» INFORMATION PROVIDED:
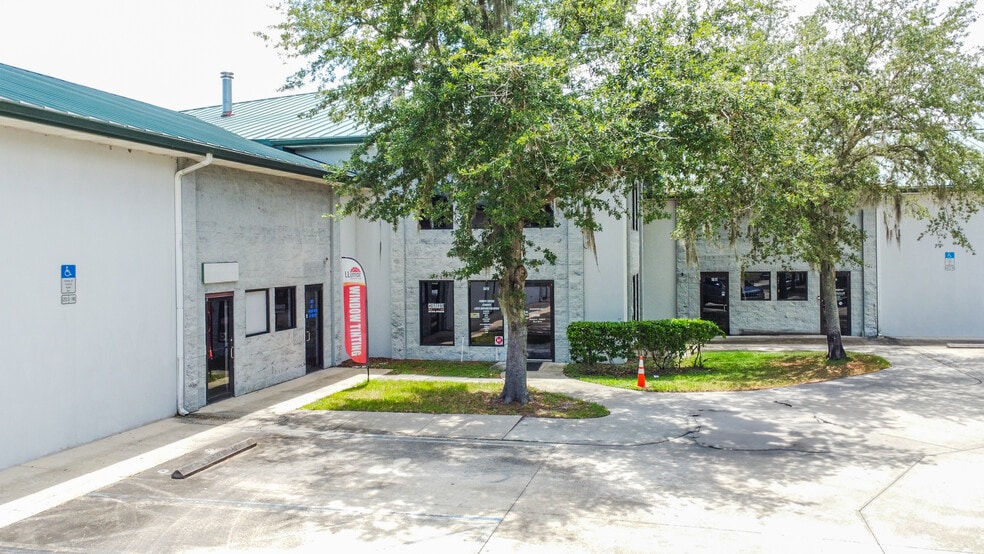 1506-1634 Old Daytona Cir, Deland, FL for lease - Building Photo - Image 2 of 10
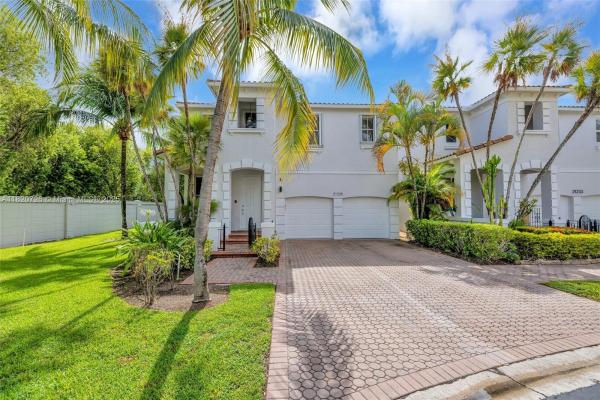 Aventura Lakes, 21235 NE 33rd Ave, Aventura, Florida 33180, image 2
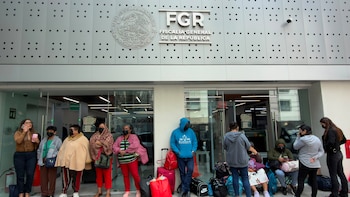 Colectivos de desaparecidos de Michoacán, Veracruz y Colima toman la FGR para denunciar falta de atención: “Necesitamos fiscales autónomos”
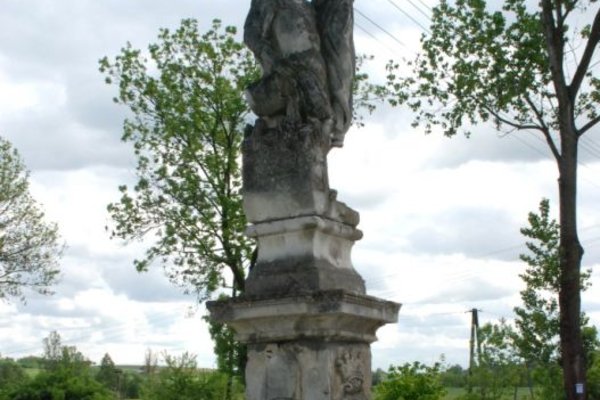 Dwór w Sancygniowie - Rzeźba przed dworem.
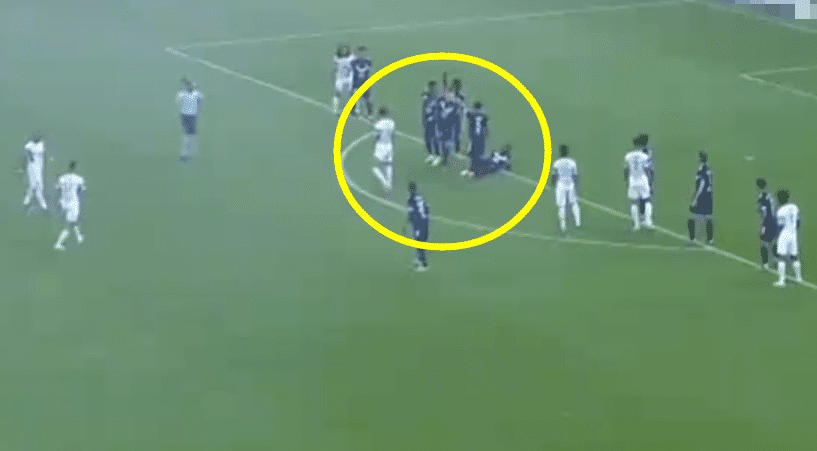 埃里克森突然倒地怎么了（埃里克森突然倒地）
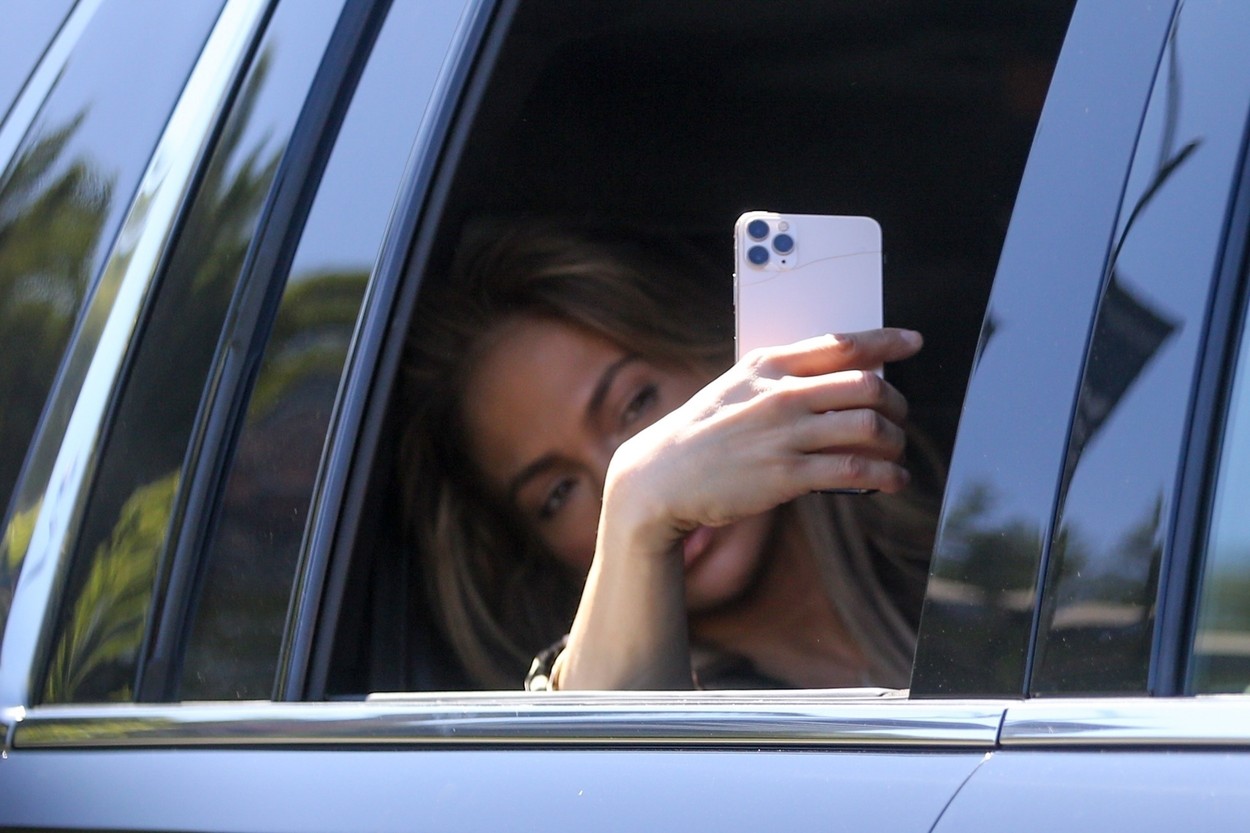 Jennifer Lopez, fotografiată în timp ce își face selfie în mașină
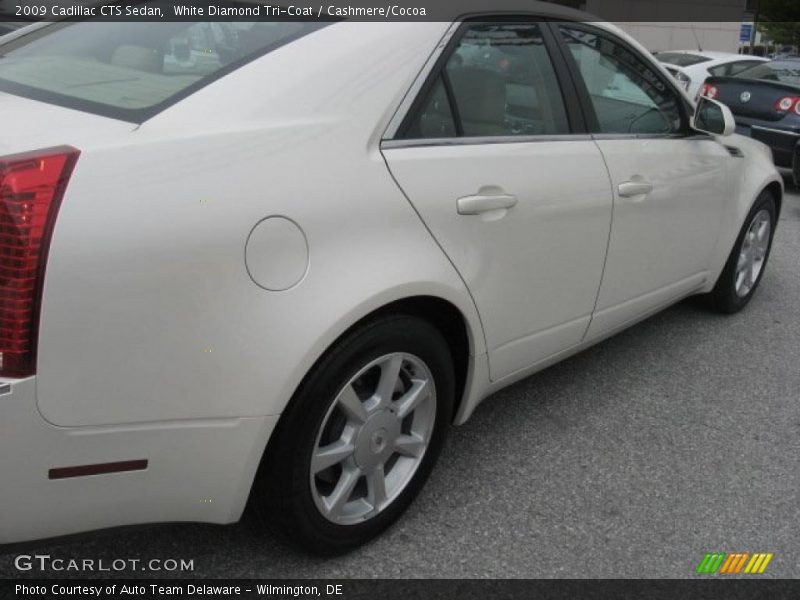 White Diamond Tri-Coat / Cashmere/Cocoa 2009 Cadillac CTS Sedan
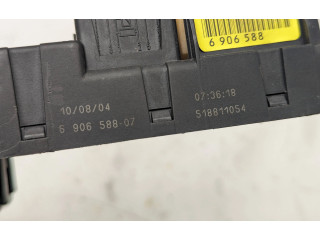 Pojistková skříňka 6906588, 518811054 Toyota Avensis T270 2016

...

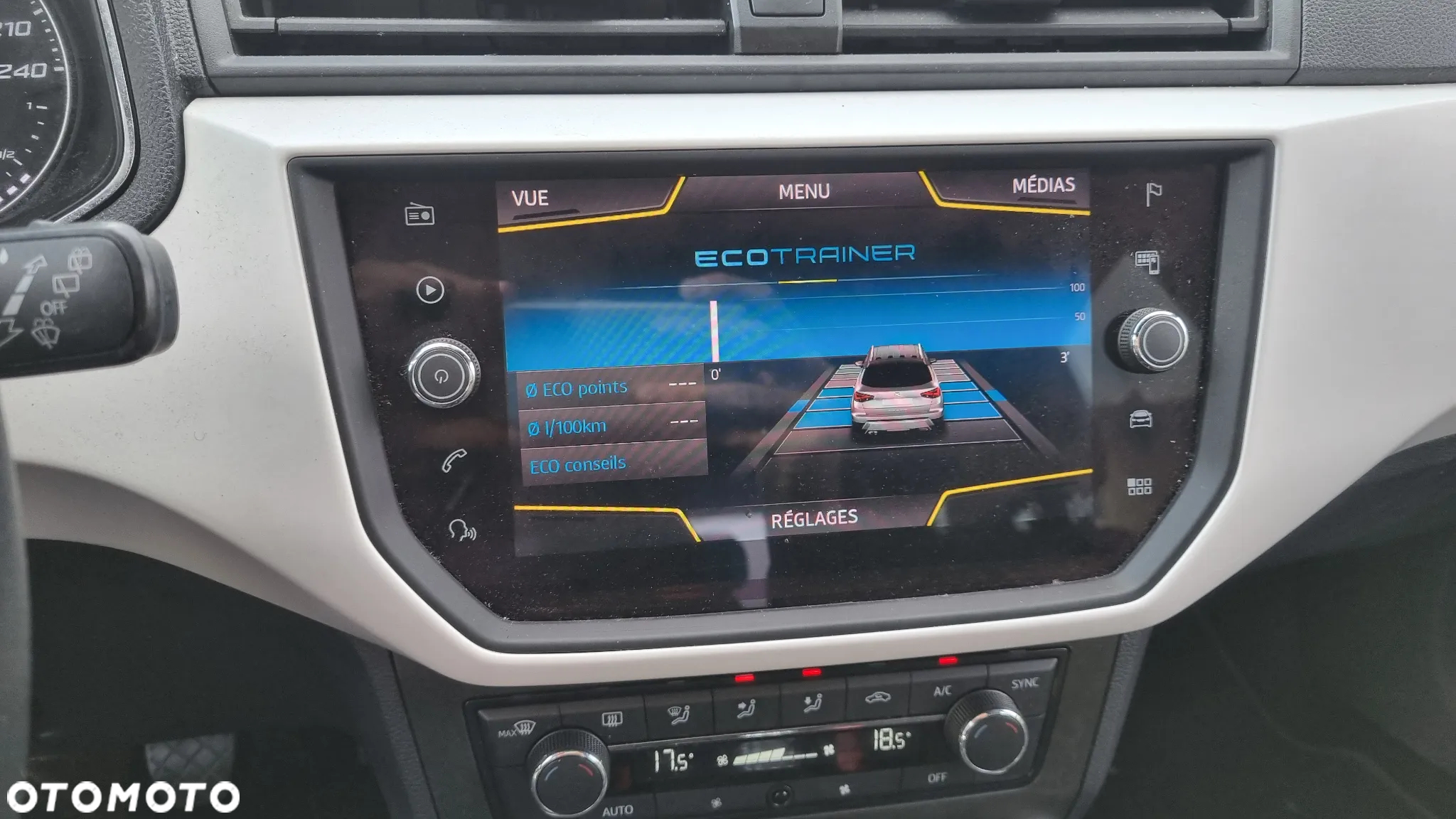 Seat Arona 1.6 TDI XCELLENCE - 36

--

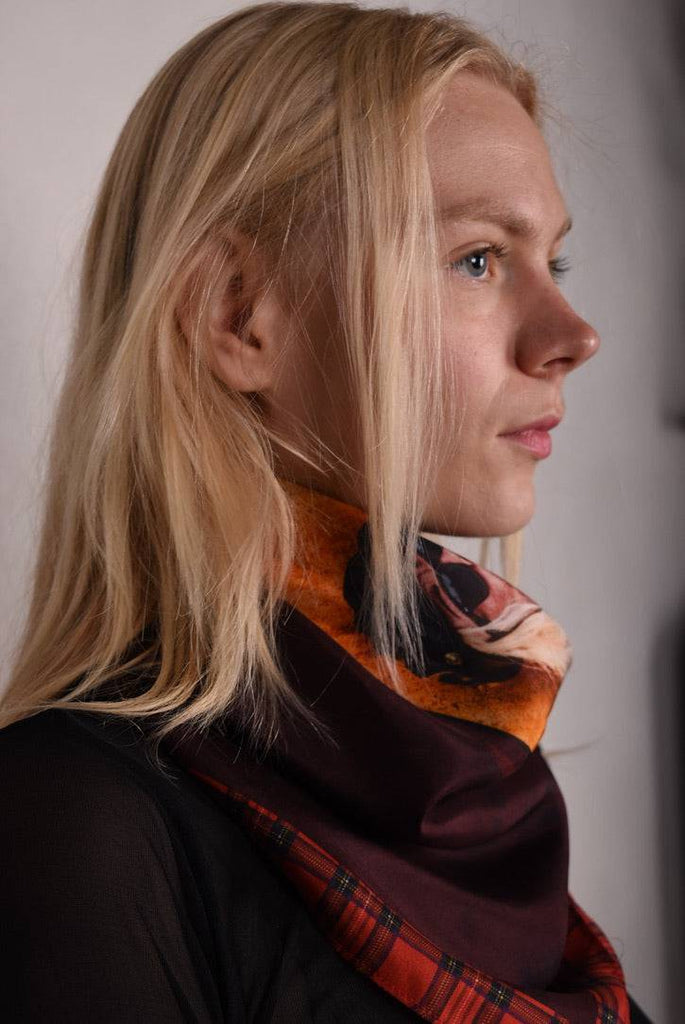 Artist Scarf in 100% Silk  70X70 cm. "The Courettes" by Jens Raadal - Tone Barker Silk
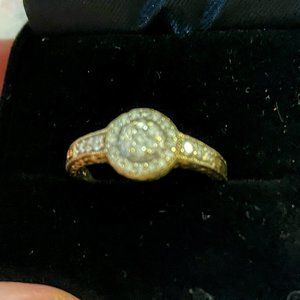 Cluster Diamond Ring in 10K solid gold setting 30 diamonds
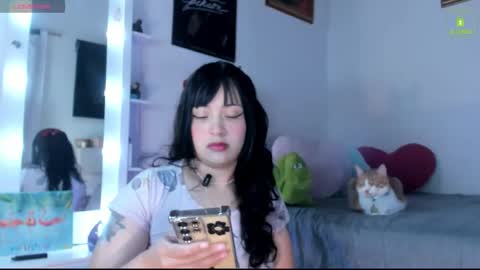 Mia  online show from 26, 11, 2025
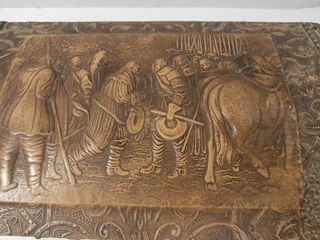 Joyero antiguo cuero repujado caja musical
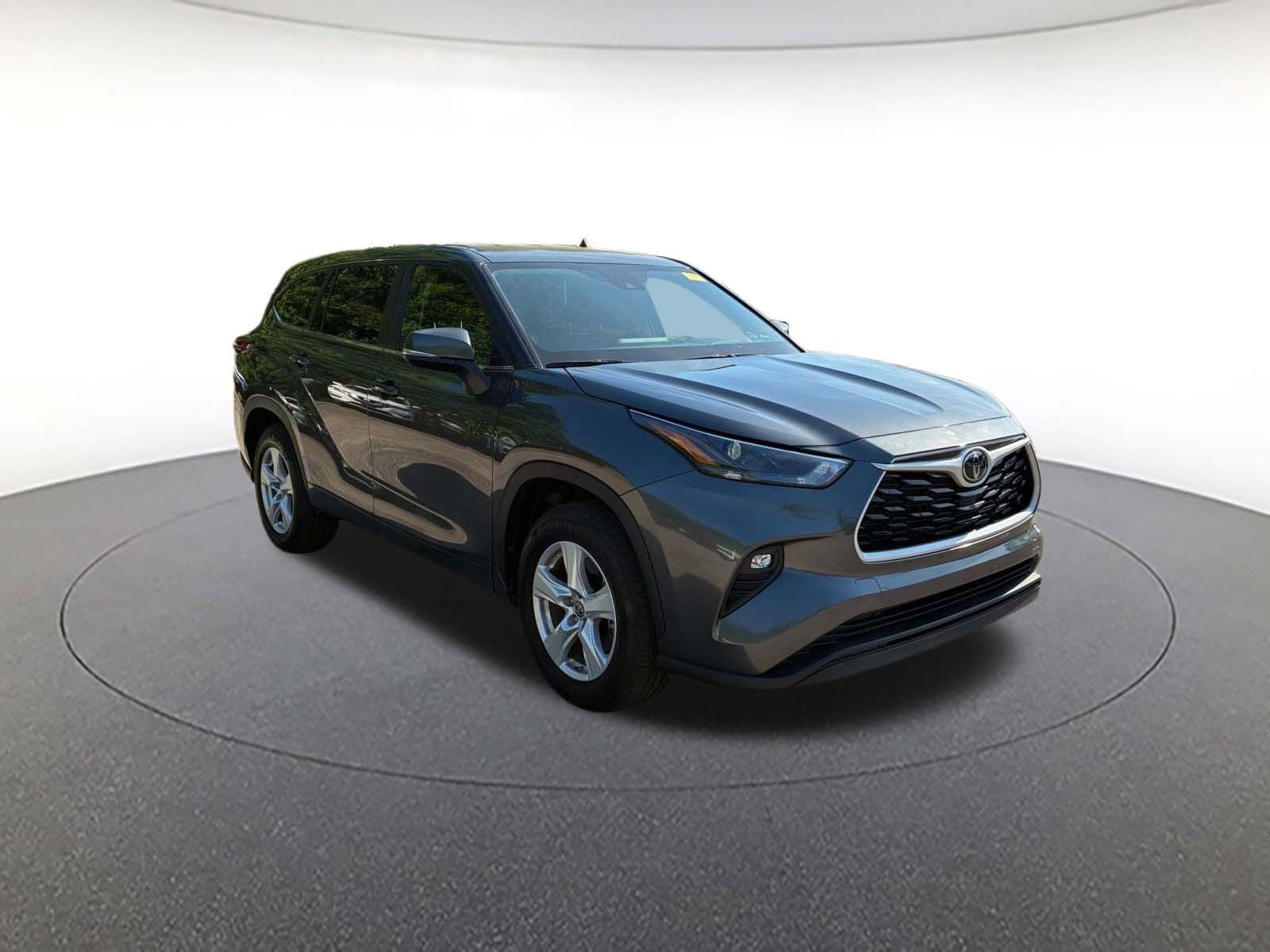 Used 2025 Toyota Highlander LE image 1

» PROBLEM DETAILS: What should come back is an exact copy of the lines above from the line with "Dwór w Sancygniowie - Rzeźba przed dworem." to the line with "Pojistková skříňka 6906588, 518811054", both included, minus the pictures.

» FINISHED TASK:
 Dwór w Sancygniowie - Rzeźba przed dworem.
 埃里克森突然倒地怎么了（埃里克森突然倒地）
 Jennifer Lopez, fotografiată în timp ce își face selfie în mașină
 White Diamond Tri-Coat / Cashmere/Cocoa 2009 Cadillac CTS Sedan
 Pojistková skříňka 6906588, 518811054 Toyota Avensis T270 2016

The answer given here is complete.